Now you’ll be able to use this new widget in exactly the same manner as the old one, and change any of the functionality you need in the widget() method. There will be no confusion in the admin UI as there will only be one version of the Best Sellers widget shown; your custom version. Future updates of WooCommerce should be relatively painless as you haven’t actually modified any core files.

Option 6 – Duplicate, modify and register a widget

This approach is exactly the same as option 5, except you’ll need to copy the entire parent widget file over, and you won’t be extending from it as we did in the previous option. Here we’re literally creating an entirely new widget and swapping it in place of the old, so it’s fairly brute force, but on the other hand does not rely on any implementation details of the original widget. The same basic code is used to unregister and register the widgets.

Conclusion

And so there you have it, 6 different ways of seamlessly and safely modifying widget behavior. I’d be curious to hear if you end up overriding any widgets, WooCommerce or otherwise, which widgets you change and what for; let me know in the comments section below!

Published by Justin Stern

Justin is one of our co-founders, and is our resident overengineer. He likes to write developer tutorials and make black magic happen in our plugins. He thinks that writing code is a lot easier than writing words.

54 Comments

  1. Hi, Would it be possible to hack into a cart widget to use ajax to query the content dynamically? When caching the whole woocommerce website using varnish or similar, cart widget stays cached which is not good.

    Thanks

    • Hey Jozef, I would think it should certainly be possible. I’ve never actually used varnish or any of the cacheing plugins, so I don’t know exactly what’s involved or what it would look like, but I don’t see why it couldn’t be done.

    • Hi,

      You need to change the browsers cache to 0 seconds to solved all “Full Page Cache” plugin to make eCommerce website dynamically. The page load performance remain unchanged.

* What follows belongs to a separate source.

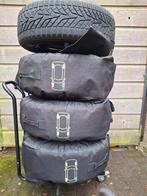 banden 215 60 16 met velg en wagentje voor op te bergen, Auto-onderdelen, Banden en Velgen, Ophalen, 16 inch, Winterbanden, Band(en)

      You take the risk to set 5 seconds for browsers cache. For me that not much different.

      Cheers

    • Hi Justin, Thanks for this post. Actually I’m creating a new widget based on the core woocommerce’s Mini Cart Widget, so I have copied the mini widget class from core to my theme’s widget file and created a custom template based on core’s mini-cart.php and modified code inside this template. but in core widget file the code which calls that template file is just echo ‘

      ‘; you can see it at github https://github.com/woothemes/woocommerce/blob/master/includes/widgets/class-wc-widget-cart.php on line 68. My problem is how to tell WooCommerce to load my template for custom widget at this point, now it calls core template which is obvious. I don’t want to code the whole mini cart logic over there. Thanks in advance.

  2. hi. thanks for this post, it very helpful for me
    i used method #5, but in the widget settings lost widget name

    • i used translated version woocommerce, maybe i need include translated files in my theme folder (how?) or may manual translate widget?

      • I solved the problem
        Need rename the “function WooCommerce_Widget_Best_Sellers()” to “function Custom_WooCommerce_Widget_Best_Sellers()” in the new widgets/widget-best_seller.php

        sorry for my bad english(

  3. Actually to make it upgrade-safe when extending an existing widget class you should check if the class exists. Because in the upgrade process the Woocommerce plugin is disabled which causes a fatal error. You can use the class_exists(‘woocommerce_class_name’) php function to do this.

  4. Justin, I know this is immensely off-topic but could you help me find some simple code to add a custom option field to the general settings tab of the woocommerce admin area? Trying to avoid re-inventing the wheel here.

  5. Would this work to change the WooCommerce Search Products widgets to search for Order Numbers instead of Products? I’d like to have a dynamic widget – visible only to the shop owner – on the front page so he can quickly search for an order.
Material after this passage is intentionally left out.